Je viens de prendre connaissance des cours en psychologie qui se donne sur la plateforme virtuelle Second Life (SL).
Simon BIGNELL de l’University of Derby en Grande Bretagne a conduit une recherche sur l’apprentissage en Second Life. Selon le diaporama qui suit le Second Life permet de construire une classe pour dispenser des cours aux étudiants pas uniquement en psychologie.
Teaching and Learning in Online Virtual Worlds:
Le diaporama liste les principaux universités qui sont déjà présents (et actifs je suppose) sur le SL.
Simon BIGNELL et ses étudiants se sont crées des avatars et des noms virtuels qu’ils utilisent sur la plateforme du SL. Ce fait provoque une sorte de détachement et force à se créer une nouvelle identité. Se créer une nouvelle identité dans le cadre pédagogique n’est pas propre au SL car déjà utilisé lors d’apprentissage des langues étrangères.

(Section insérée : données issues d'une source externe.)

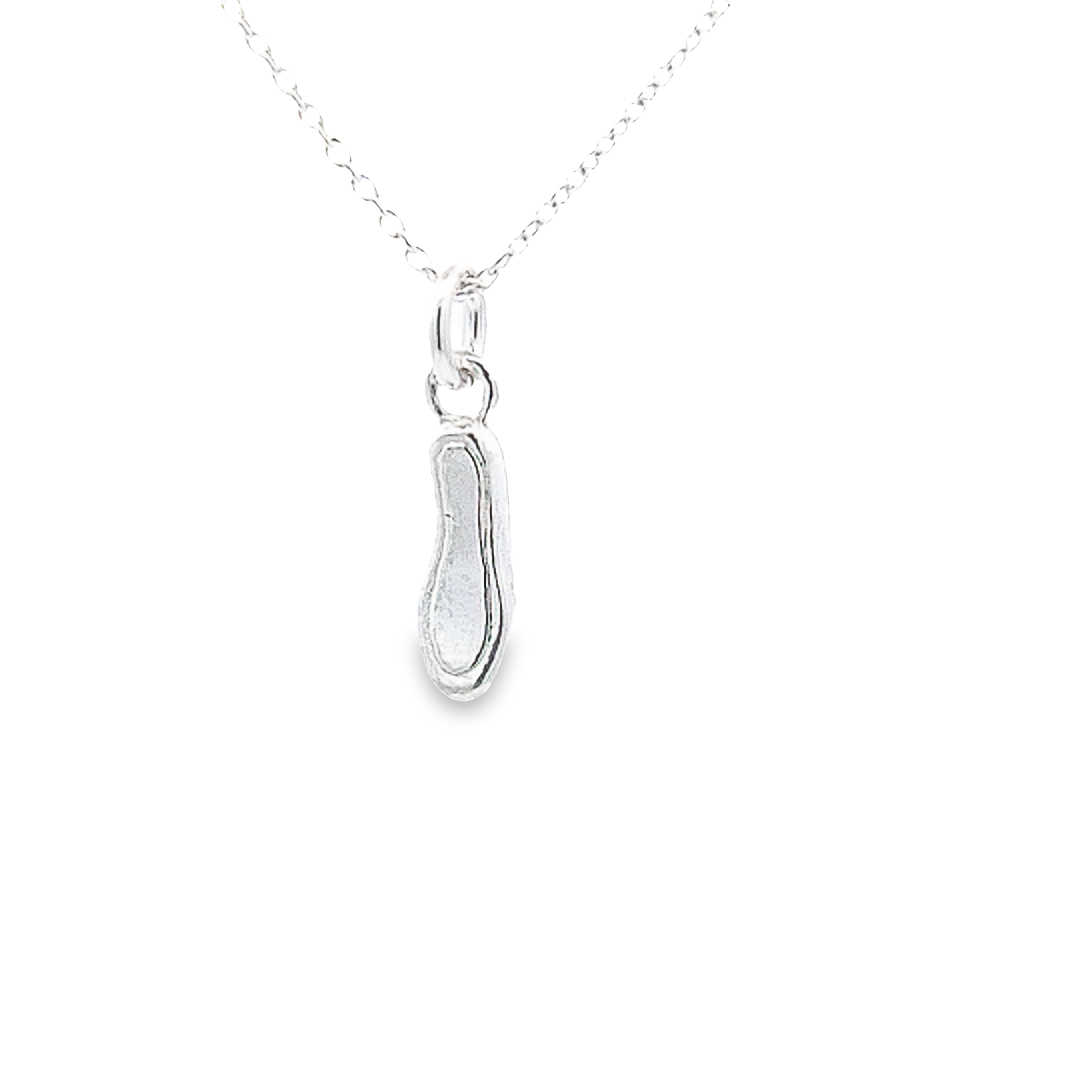 Silver Ballet Slipper Necklace - Back View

Le fait de se créer un personnage dans le cadre d’un cours me semble propice à l’apprentissage (surtout pour une nouvelle matière) car si le personnage se trompe ce n’est finalement pas moi directement et donc je préserve mon identité qui n’aime pas reconnaitre ses erreurs. Avoir un avatar permettrait donc prendre plus de risques, mieux accepter les échecs et donc apprendre de façon plus naturelle et ne pas être bloqué par des échecs du passé.
Dans l’expérience de Simon BIGNELL, le fait que les étudiants ont participé à la création du l’environnement virtuel, de la classe virtuelle et probablement des supports du cours les a impliqués dans le processus de façon très importante.

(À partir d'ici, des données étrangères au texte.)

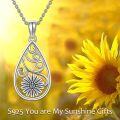 wholesale Sterling Silver Filigree Sunflower Hummingbird Bee Teardrop Necklace-0-1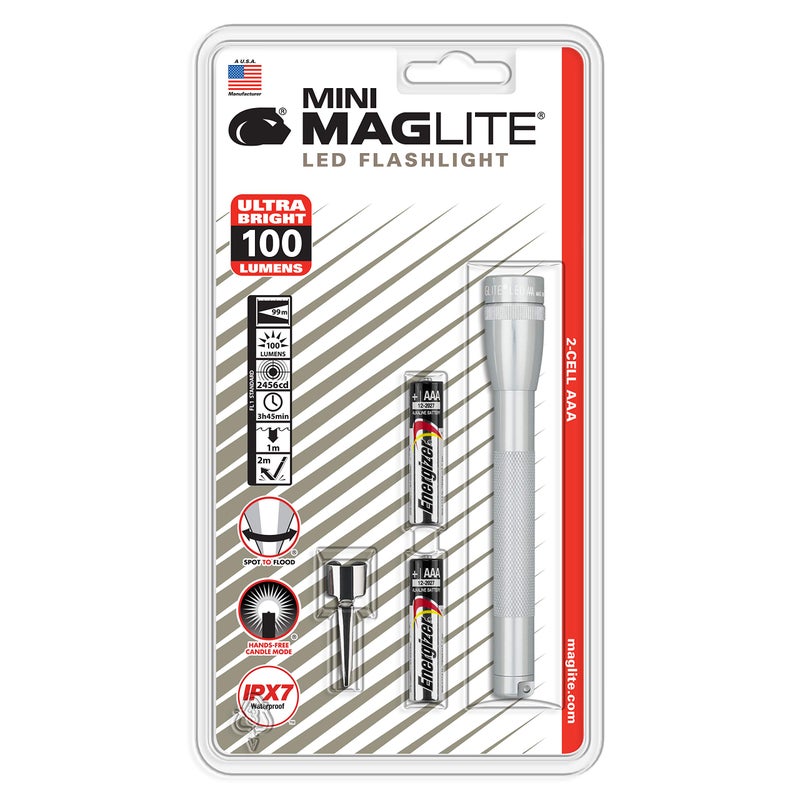 MAGLITE Mag Instrument Mini Maglite 2aaa Led - Silver - SP32106 - Image 1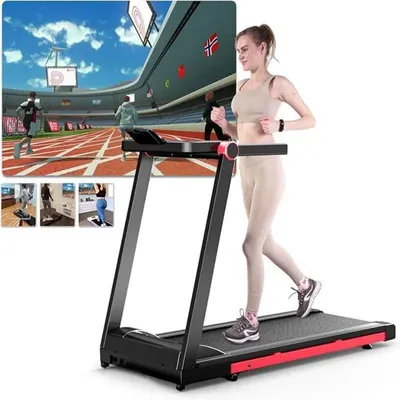 Immagine prodotto di Tapis roulant per uso domestico - AS02 - Motore da 3,5 CV/2610 W - Velocità massima 16 km/h - Inclinazione del 6% - Portata massima 158 kg - Bluetooth - Pieghevole - Nero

En apprenant la matière de façon active, ils apprennent aussi d’autres compétences comme le travail en groupe (grâce à des multiples échanges), améliorent leur orientation visuelle et spatiale, le ‘multitasking’ (tant demandé par la vie actuelle). Donc en termes d’apprentissage implicite ils ont été bien servis. Et tout cela dans un environnement riche en nouveauté qui sollicite constamment l’intérêt et donc la motivation des étudiants sans négliger l’aspect ludique.
Les étudiants sont les acteurs au centre de cet apprentissage par expérience personnelle.
Par curiosité et par envie d’explorer le SL, je me suis crée tout récemment un compte sur le SL et les choses ne me paraissent pas simple en tout cas pas au début…
Tout d’abord, il y a un certain apprentissage de la plateforme tout court et puis l’apprentissage des comportements nécessaires à fonctionner efficacement dans le SL et qui sont très différents de ceux de la vie réelle.
Afin d’être opérationnel en tant qu’étudiant, il faut quand même tout une série des compétences en tant que pré requis. Ceci va de la capacité à se mouvoir dans le SL, manipuler les objets, rentrer en contact et interagir avec les autres personnages dans l’espace virtuel et encore beaucoup d’autres comme gérer l’imprévu et les soucis techniques qui peuvent survenir au milieu d’une session (comme une coupure d’accès à internet par exemple).
L’apprentissage en SL donne surement des possibilités différents que l’apprentissage classique et vice-versa. Maintenant, il faut du matériel adéquat, des professeurs qui sont déjà à l’aise avec la technologie et capable de transmettre de façon didactique ce savoir et le savoir faire.
Il faut prévoir le temps à la familiarisation avec le SL car la courbe d’apprentissage me semble le principale obstacle pour démarrer à l’aise un cours dans cet environnement virtuel. Sachant que la classe entière ne va pas progresser à la même vitesse comment prévenir que les étudiants qui aurait besoin plus du temps à rentrer dans le système de SL ne soit pas défavorisés ?
Que proposer aux étudiants et aux professeurs qui ne seraient pas du tout intéressé par ce système? Faut-il introduire ce type de techniques d’apprentissages dans des écoles primaires ?
En Belgique le Centre Perelman de Philosophie du Droit utilise le Second Life.